### Problem description
When the string "Storage" is part of a line in the data below, report the whole line.

#### Provided data ####

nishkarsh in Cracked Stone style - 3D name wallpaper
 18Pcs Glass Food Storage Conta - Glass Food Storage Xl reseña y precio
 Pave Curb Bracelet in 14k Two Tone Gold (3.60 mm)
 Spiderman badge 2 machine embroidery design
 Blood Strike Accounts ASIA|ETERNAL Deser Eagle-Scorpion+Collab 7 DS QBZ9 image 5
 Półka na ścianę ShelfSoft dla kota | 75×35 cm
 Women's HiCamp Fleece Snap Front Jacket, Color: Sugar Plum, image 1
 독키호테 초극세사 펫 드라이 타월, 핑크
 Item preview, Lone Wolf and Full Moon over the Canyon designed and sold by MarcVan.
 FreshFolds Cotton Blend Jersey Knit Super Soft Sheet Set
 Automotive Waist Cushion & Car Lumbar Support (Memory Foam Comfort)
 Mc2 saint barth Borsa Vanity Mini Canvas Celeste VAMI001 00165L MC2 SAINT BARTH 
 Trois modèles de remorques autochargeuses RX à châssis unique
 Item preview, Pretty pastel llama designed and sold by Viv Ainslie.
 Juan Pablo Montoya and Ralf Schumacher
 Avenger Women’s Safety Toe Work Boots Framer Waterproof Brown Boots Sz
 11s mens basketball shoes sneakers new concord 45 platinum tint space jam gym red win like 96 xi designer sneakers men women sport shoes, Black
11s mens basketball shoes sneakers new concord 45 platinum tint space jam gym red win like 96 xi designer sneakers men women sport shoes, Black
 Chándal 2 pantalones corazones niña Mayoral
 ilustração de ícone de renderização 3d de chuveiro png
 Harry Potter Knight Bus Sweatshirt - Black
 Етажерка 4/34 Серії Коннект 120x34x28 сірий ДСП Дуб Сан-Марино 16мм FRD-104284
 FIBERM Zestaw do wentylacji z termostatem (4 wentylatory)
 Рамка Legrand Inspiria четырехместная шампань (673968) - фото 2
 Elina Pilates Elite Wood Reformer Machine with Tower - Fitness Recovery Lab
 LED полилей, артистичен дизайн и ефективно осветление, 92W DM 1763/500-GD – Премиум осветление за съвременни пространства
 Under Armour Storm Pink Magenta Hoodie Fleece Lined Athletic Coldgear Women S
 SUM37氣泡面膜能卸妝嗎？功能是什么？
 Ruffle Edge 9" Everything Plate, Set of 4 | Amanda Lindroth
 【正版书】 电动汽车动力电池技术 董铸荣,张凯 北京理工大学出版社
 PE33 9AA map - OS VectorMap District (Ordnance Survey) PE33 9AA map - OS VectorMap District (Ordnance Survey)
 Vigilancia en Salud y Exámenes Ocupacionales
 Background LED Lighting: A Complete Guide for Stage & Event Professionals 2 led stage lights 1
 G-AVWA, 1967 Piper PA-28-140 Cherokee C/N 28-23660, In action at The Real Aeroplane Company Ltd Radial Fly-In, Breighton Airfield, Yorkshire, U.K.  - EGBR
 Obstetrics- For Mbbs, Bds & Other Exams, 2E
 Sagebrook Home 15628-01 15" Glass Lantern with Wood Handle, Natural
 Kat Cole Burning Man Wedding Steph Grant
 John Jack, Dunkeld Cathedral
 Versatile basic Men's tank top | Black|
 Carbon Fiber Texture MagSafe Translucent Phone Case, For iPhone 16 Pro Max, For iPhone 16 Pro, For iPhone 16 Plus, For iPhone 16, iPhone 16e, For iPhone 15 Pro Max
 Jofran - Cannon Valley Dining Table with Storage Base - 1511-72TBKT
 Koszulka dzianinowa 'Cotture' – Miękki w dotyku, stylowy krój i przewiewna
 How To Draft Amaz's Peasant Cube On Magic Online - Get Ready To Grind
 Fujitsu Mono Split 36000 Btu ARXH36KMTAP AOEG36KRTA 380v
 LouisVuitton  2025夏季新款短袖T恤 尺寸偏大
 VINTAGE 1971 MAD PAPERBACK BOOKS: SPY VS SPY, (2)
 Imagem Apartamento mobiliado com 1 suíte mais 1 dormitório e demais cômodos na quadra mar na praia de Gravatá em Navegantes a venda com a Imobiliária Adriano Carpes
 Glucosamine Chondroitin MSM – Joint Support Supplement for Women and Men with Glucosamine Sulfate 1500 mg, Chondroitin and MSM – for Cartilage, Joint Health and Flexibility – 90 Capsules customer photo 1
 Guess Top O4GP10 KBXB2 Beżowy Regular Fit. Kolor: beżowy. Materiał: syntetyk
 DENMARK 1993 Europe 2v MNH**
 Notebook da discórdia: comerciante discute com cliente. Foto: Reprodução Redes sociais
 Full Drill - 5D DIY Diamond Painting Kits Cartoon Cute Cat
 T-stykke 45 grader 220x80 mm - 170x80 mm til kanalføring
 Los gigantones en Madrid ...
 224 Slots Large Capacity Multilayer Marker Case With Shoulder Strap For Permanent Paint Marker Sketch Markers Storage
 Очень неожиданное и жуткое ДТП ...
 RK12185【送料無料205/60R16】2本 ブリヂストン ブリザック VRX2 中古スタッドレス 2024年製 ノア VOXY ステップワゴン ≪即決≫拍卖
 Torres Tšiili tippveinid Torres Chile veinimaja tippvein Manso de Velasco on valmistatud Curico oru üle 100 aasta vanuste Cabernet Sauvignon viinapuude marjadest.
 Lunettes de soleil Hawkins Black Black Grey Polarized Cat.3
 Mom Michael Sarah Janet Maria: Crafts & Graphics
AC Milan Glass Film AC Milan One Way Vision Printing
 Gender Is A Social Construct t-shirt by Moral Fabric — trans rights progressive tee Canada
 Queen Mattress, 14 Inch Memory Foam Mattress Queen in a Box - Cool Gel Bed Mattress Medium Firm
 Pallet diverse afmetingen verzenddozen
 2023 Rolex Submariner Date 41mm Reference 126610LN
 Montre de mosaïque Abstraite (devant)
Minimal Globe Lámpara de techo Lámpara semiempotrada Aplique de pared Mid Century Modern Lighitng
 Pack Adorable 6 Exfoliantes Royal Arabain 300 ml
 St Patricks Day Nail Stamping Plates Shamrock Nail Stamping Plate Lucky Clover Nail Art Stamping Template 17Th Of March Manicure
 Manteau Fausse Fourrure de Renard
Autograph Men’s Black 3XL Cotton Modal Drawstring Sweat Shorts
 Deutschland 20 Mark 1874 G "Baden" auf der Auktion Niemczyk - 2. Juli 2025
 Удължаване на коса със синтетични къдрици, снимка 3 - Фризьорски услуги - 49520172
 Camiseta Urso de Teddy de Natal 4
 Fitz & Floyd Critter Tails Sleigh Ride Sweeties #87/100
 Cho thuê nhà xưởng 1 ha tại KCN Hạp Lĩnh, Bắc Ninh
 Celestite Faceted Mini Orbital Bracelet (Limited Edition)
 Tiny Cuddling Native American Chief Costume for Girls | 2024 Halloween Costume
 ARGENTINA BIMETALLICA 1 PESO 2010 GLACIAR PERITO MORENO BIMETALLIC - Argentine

####

### Result of the task
 18Pcs Glass Food Storage Conta - Glass Food Storage Xl reseña y precio
 Jofran - Cannon Valley Dining Table with Storage Base - 1511-72TBKT
 224 Slots Large Capacity Multilayer Marker Case With Shoulder Strap For Permanent Paint Marker Sketch Markers Storage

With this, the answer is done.